Como se eu estivesse de férias.


        Janeiro é sempre como se eu estivesse de férias. A vida corre devagar e eu não gosto de viajar durante a alta temporada de verão. Fico em casa e vou trabalhando molemente. Faço uma horinha na minha Fábrica de Pão e depois vou para o meu emprego público. E fico lá, quase sozinha, a tarde toda. Os funcionários de férias, quase coletivas. Só eu e o Christie ficamos por ali, mas têm dias que nem o telefone toca. E quando toca, é engano. O Edgar fica na portaria e eu levo livros para que ele leia e não durma frente à porta da rua. Eu fico ali bolando coisas que é disto que eu gosto, mas até a internet pifou, o que atrapalha as minhas pesquisas.  Uma reunião aqui outra ali para decidir a agenda anual. Os projetos parados, só começam com as aulas. Os eventos culturais só depois do Carnaval. Janeiro até parece o rio que corre no fundo da casa que foi de minha avó. Mansinho, mansinho. No inverno, é claro, porque no verão ele extrapola. Está chovendo muito, mas dá para encontrar amigos que chegam para matar a saudade, curtir a família que vem para as férias. As férias de verdade, não as minhas, que só parecem. Então a gente sai para tomar um vinho, visita um ou outro, ou reúne os visitantes na cozinha à beira do fogão. Levanto tarde e deito mais tarde ainda. Mas o que me dá esta sensação de estar de férias é que deixo a cuca ficar fresca, descansando. Até minhas leituras são leves. Neste janeiro, por exemplo, fui a minha livraria predileta e comprei todos os livros que achei do Andrea Camilleri.

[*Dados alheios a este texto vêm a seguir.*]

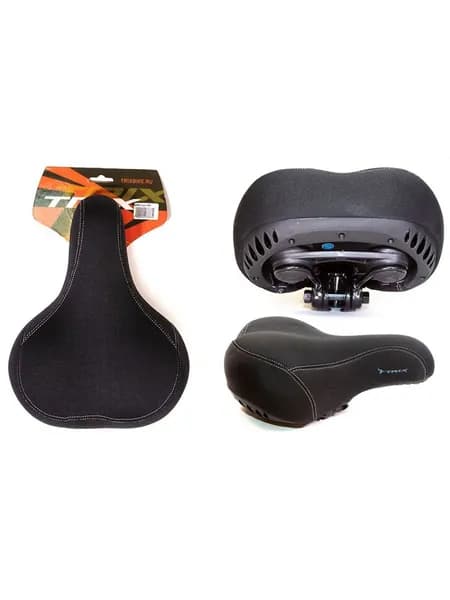Седло TRIX AZ-6029 комфорт 275х210 мм. с эффектом памяти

Andrea Camilleri é um escritor italiano de livros policiais. Escreve outros livros também, mas não tenho nenhum interesse em ler. Só os policiais. Ele criou um comissário de polícia, Salvo Montalbano, por quem me apaixonei. Policialmente falando porque não estou mais na pré – adolescência para me apaixonar por personagens. Mas já fui apaixonada por muitos, ah, se fui! Pois o Salvo é fora de série. O incrível é que não consigo imaginá-lo. Penso em um cara bonitão, charmoso, assim como o Mastroianni em sua fase áurea. Mas não adianta, logo vem à mente um cara gordo, muito gordo, sem nenhum atrativo. O autor não o descreve fisicamente, mas deixa claro que ele é um glutão. Um gourmet glutão. Pois ele descreve tudo o que come. E a quantidade. Salvo é o comissário de polícia de uma cidade fictícia na Sicília. Uma cidade de porte médio dominada por duas famílias mafiosas ridículas. Vigàta é o nome da cidade portuária, atualmente pouco importante comercialmente. Ele gosta muito de viver nessa cidade a beira mar e se recusa completamente a ser promovido. Como nasceu em 1950 e as histórias se passam em sua maioria nas duas últimas décadas do século passado ele ainda não completou cinqüenta anos. Tem uma mulher que mora em Gênova e uma amiga especial. Algo assim como uma amizade colorida. E lê, Santo Deus, como ele lê. Fala palavrão sem parar e o seu humor varia conforme o tempo. E tem ainda um senso de justiça completamente particular. Seu método para resolver os crimes é o “estalar”: ele está lendo, ou comendo, ou andando de cuecas pela praia e aí de repente lhe dá um estalo e ele resolve o que parecia irresolvível. Do dia 14 até o dia 23 li cinco livros dele. Agora chega. Acho que saturei. Este ano então em que planejei não planejar nada parece até que o Ano Novo nem começou. Como se o tempo estivesse parado a espera que eu o ponha em movimento. Vamos ver, vamos ver...se também me dá um estalo e eu me coloque em movimento.